And ما زات فاهمها  is an other way to say it .


----------



## intelli78

shafaq said:


> Yes ! We can !
> And ما زات فاهمها  is an other way to say it .



Yes, but you've got a typo. ما زلت أفهمها. In my experience, it's actually more common to use the past tense with this expression. Though, Granola, your formulation with the present tense is also correct.


----------



## Granola

Thank you!


----------



## shafaq

Still it isn't a typo. From an other side; your version too is valid.


----------



## intelli78

Hi shafaq,

So you are using the إسم الفاعل in conjunction with a possessive pronoun to indicate you are the "understander of it?" Is there a grammatical or stylistic reason to use this construction instead of the مضارع?


----------



## shafaq

In Arabic,  إسم فاعل  is being used as present tense in MSA and every day colloquial. Like these:
I am waiting for you أنا منتظرك .
I am calling you  أنا نادي لك .
I am coming (to) you أنا جايي لك  .
Are you seeing me        أنت شايفني ?.


----------



## Mahaodeh

Don't depend on that, it has no temporal aspect, the temporal aspect depends on context (which is also true in fus7a): 
أنا جاي مبارح = I came yesterday
أنا كنت جاي وما شفت حدا = I came yesterday ....
أنا جاي من مبارح = I came since yesterday
أنا جاي هلأ/هسة = I'm coming now
أنا كنت جاي بس غيرت رأيي = I was going to come but .....
أنا جاي بكرة = I'm going to come tomorrow


----------



## Sidjanga

Hi all,

I've come across this phrase quite a few times now, but I have the impression I don't really understand its usage yet.

So my questions are:

- Am I right to understand that ما زال basically means "to continue (being)"?

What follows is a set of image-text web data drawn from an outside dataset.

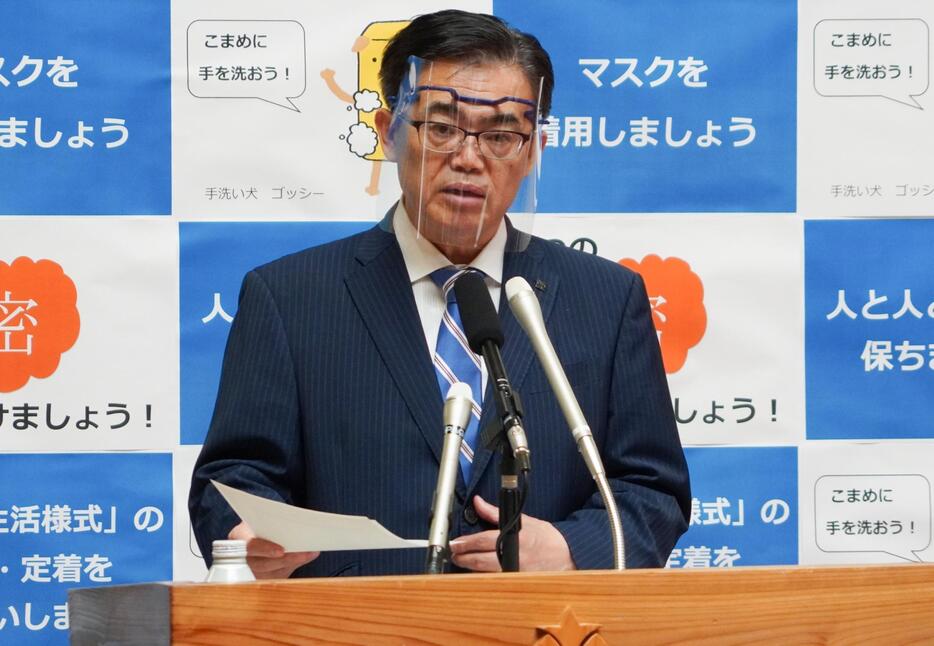 愛知県庁で記者会見を行った大村秀章知事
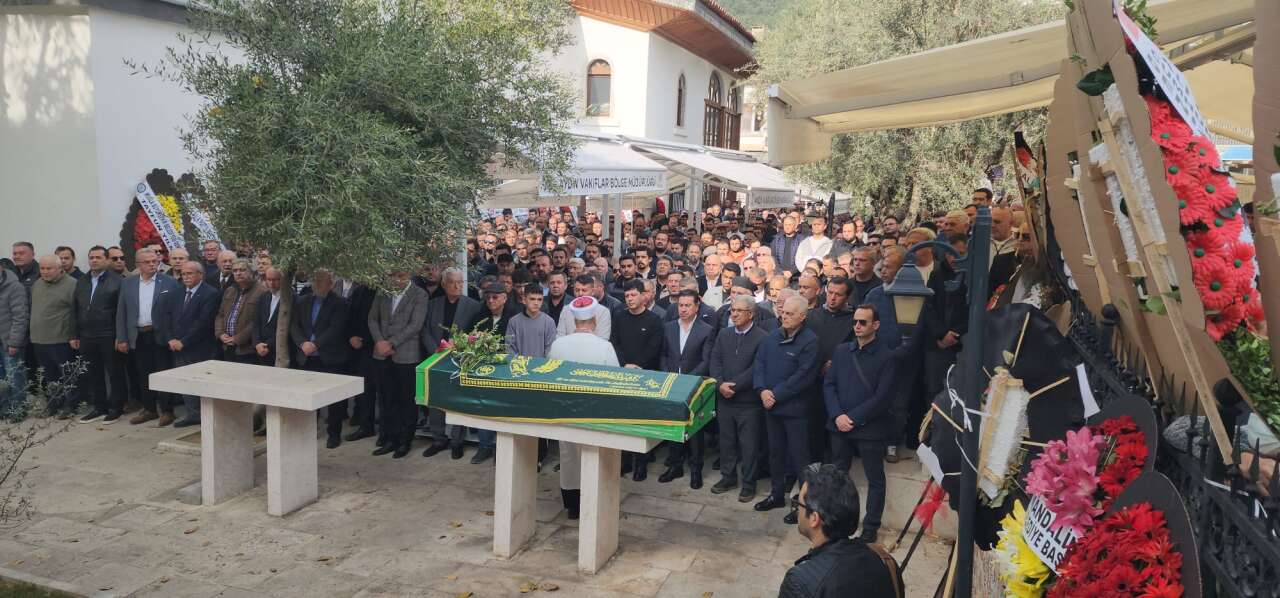 Muğla’da Siyaseti Buluşturan Cenaze... CHP Muğla İl Başkanı Nail Kızıl’ın Babası Dualarla Son Yolculuğuna Uğurlandı 4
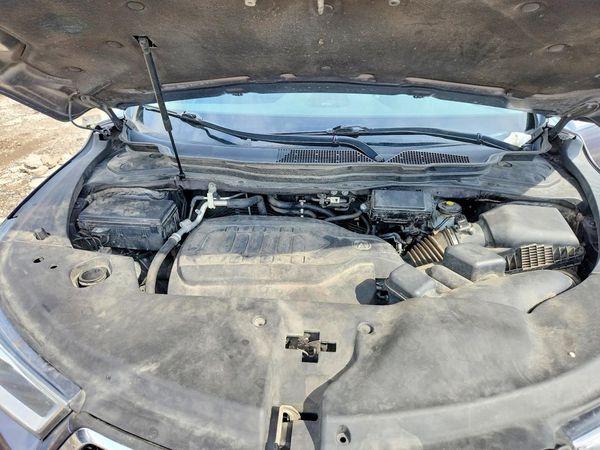 2018 ACURA MDX — Engine bay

- Is there a particular reason why the verb زال is negated through ما to express a positive meaning?
(I.e., could you just as well substitute ما زال with a verb that simply means "to continue" and express basically the same, or not really?)

- In what kind of context is ما زال preferably used?

- And last but not least: Is it possible to use لا زال instead?

Also, I would greatly appreciate a few enlightening sample sentences. 

Thanks.


----------



## AndyRoo

Hello there, 

ما زال ,لا يزال.and لم يزل (lam yazal) all mean "still" (literally "doesn't cease" or "didn't cease").

Examples: 
لا يزال سعيدًا or ما زال سعيدًا he is still happy
لا يزال يفعله he is still doing it.




Sidjanga said:


> Is it possible to use لا زال instead?


 
لا زال seems wrong grammatically (because لا usually negates a present tense verb), but I have seen it before as well as the also grammatically unusual ما يزال .


----------



## WadiH

Sidjanga said:


> Hi all,
> 
> I've come across this phrase quite a few times now, but I have the impression I don't really understand its usage yet.
> 
> So my questions are:
> 
> - Am I right to understand that ما زال basically means "to continue (being)"?



Yes, but more specifically, you should view it as fulfilling the function of the English word "still," as in: "Ahmad is still at work," "He is still a student," "We are still simple people," etc.

ما زال أحمد في العمل
ما زال طالباً
ما زلنا شعباً بسيطاً



> - Is there a particular reason why the verb زال is negated through ما to express a positive meaning?
> (I.e., could you just as well substitute ما زال with a verb that simply means "to continue" and express basically the same, or not really?)



I don't think there is such a word.  The words for "remain" such as بقي and ظل don't work because those are in the "perfect" tense, meaning that the act of "remaining" was accomplished and things might have already changed.  To use in example, I can say ظل محمد وحيداً في البيت, but that doesn't mean he is _still_ there; it only means he remained there for some time.  If you use the imperfect tense, e.g. يظل محمد وحيداً في البيت, the sense is that it is his habit to stay at home alone,not that he went home and is still there right this moment.

Further to that point, there are a number of synomyms for ما زال in Arabic, and they all use the same negation structure:
ما برح
ما انفكّ
ما فتئ

Even in modern vernacular dialects that no longer employ this type of word, the function is not fulfilled by a perfect verb but rather by expressions that mean "until now," e.g. إلى الحين or لسّة (a contraction of إلى الساعة).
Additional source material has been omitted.